*What is needed*: Output all the data exactly. Pictures do not belong in the copy.

*Provided material*:
== Segment start ==
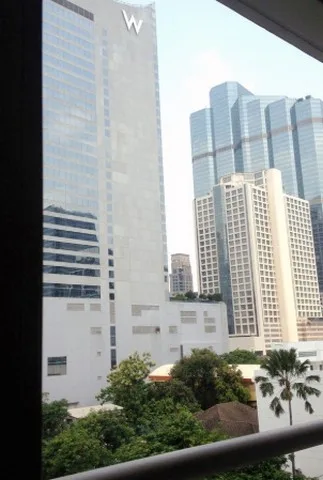 Property photos for Life @ Sathorn 10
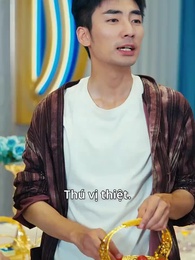 Tập 78 - Ai Bảo Tu Tiên Khó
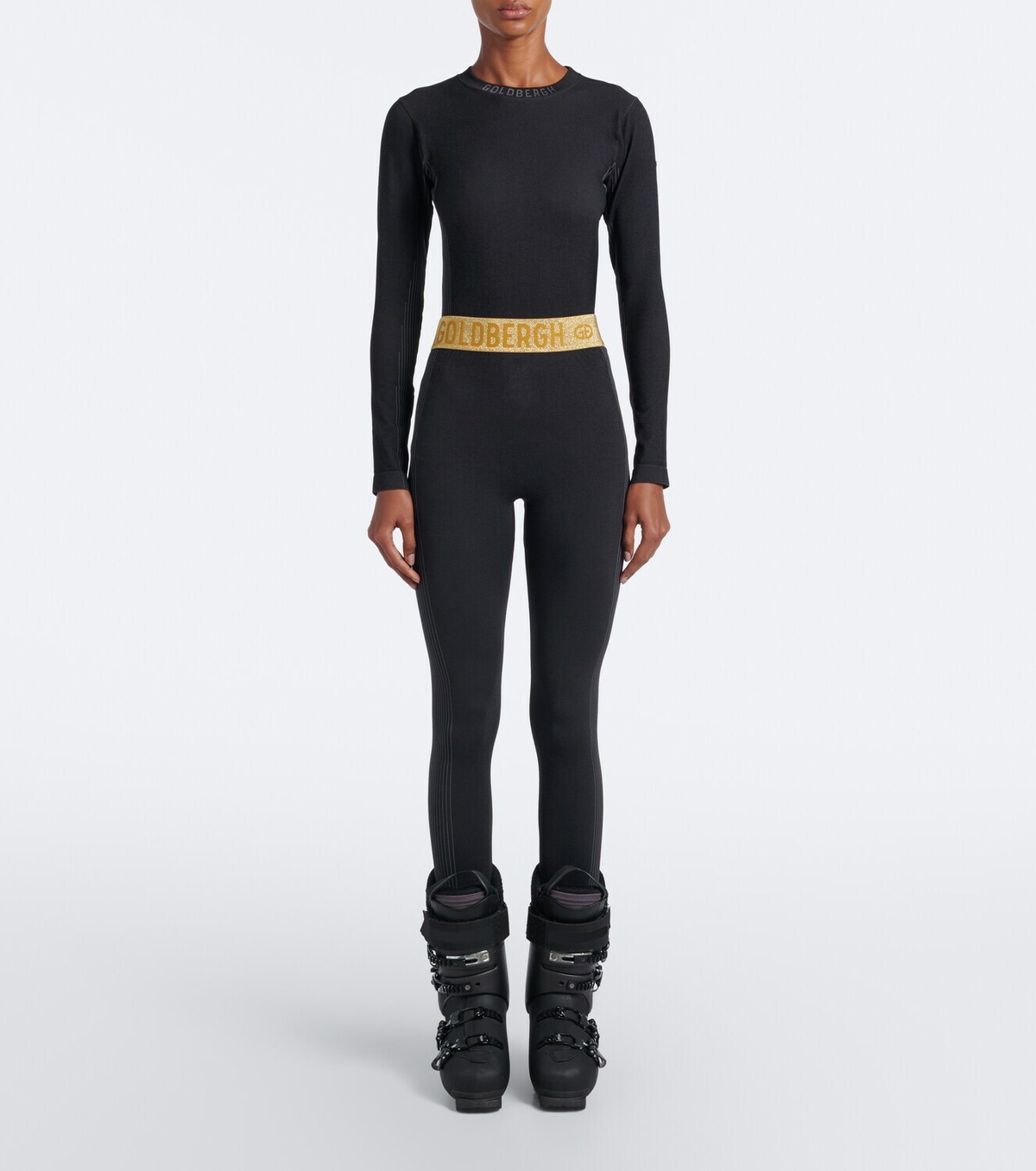 Goldbergh Sui ski leggings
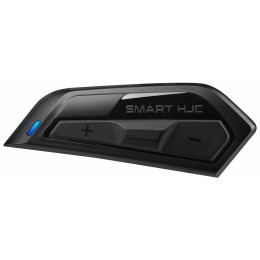Kit interfono con Bluetooth Smart 11B HJC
== Segment end ==
*Task result*:
 Property photos for Life @ Sathorn 10
 Tập 78 - Ai Bảo Tu Tiên Khó
 Goldbergh Sui ski leggings
Kit interfono con Bluetooth Smart 11B HJC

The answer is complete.